TASK TO CARRY OUT —
From the records below, transcribe exactly the lines that begin at the line with "Photo 1 of *MINOR DAMAGE - USED*" and end at the line with "Bazén v ubytování", both included.

DATA FOR THIS TASK —
▼

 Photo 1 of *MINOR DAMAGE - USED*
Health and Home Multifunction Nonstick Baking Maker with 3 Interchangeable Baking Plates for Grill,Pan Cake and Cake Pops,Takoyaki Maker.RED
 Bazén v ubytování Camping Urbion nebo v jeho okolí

▲
▼

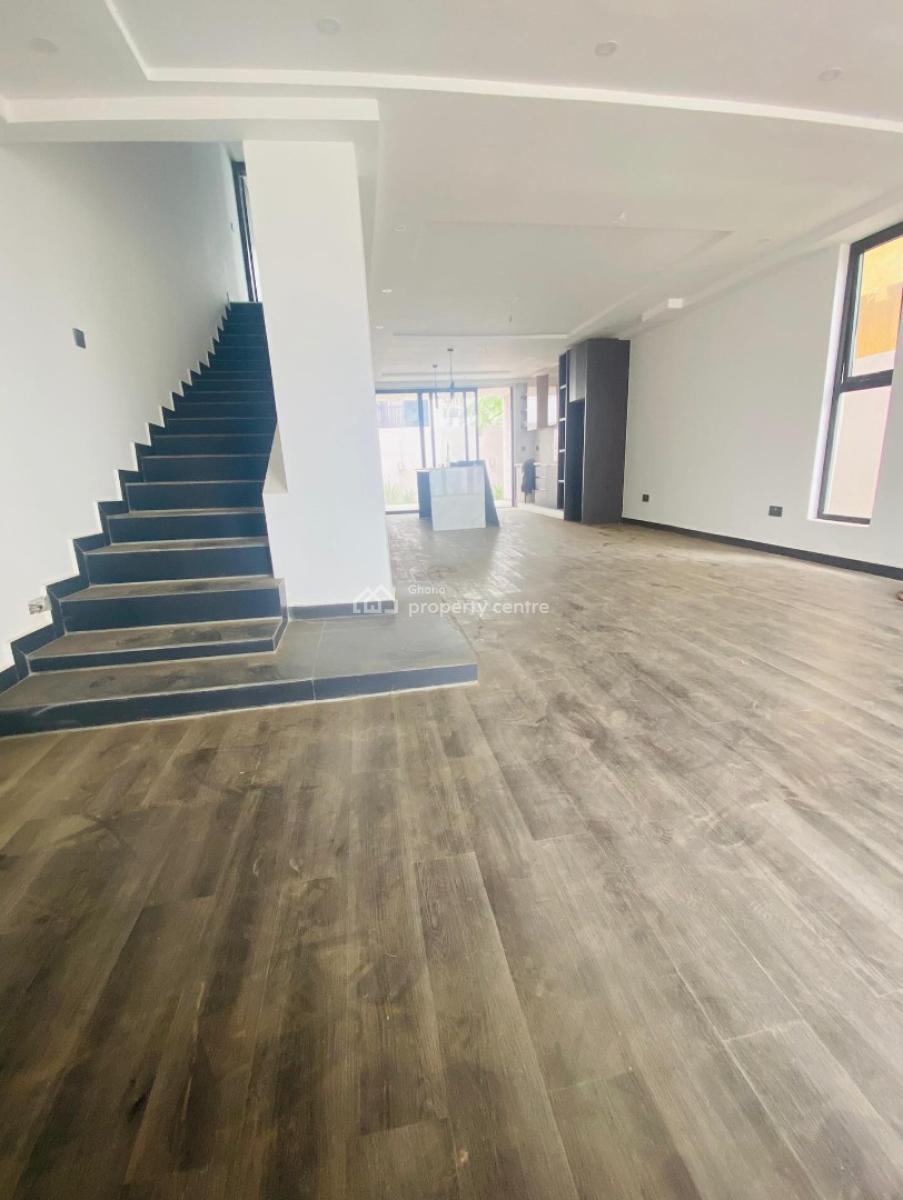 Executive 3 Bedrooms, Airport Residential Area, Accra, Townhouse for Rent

▲
▼

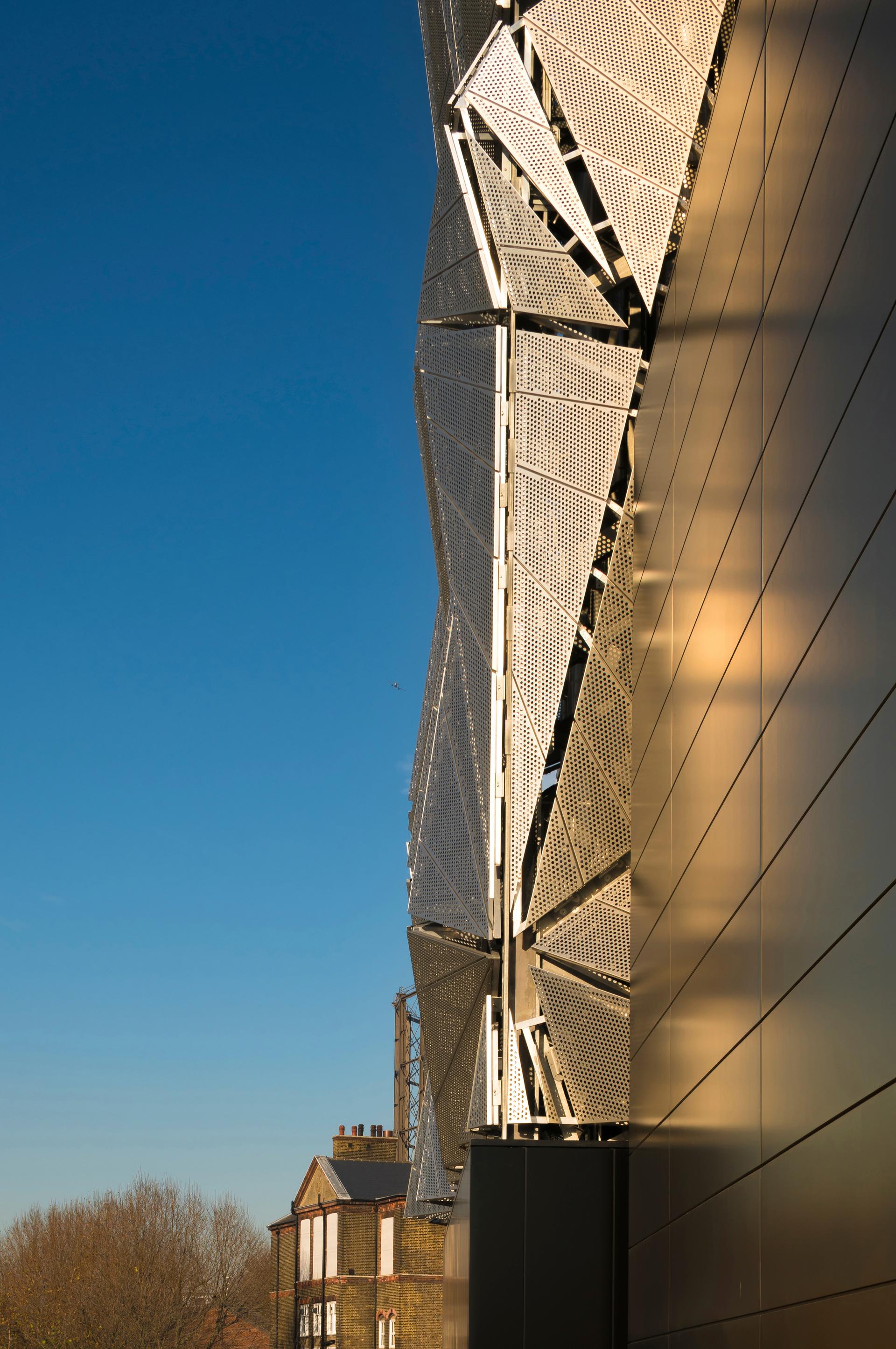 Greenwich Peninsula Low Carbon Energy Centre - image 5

▲

PROBLEM SOLUTION —
 Photo 1 of *MINOR DAMAGE - USED*
Health and Home Multifunction Nonstick Baking Maker with 3 Interchangeable Baking Plates for Grill,Pan Cake and Cake Pops,Takoyaki Maker.RED
 Bazén v ubytování Camping Urbion nebo v jeho okolí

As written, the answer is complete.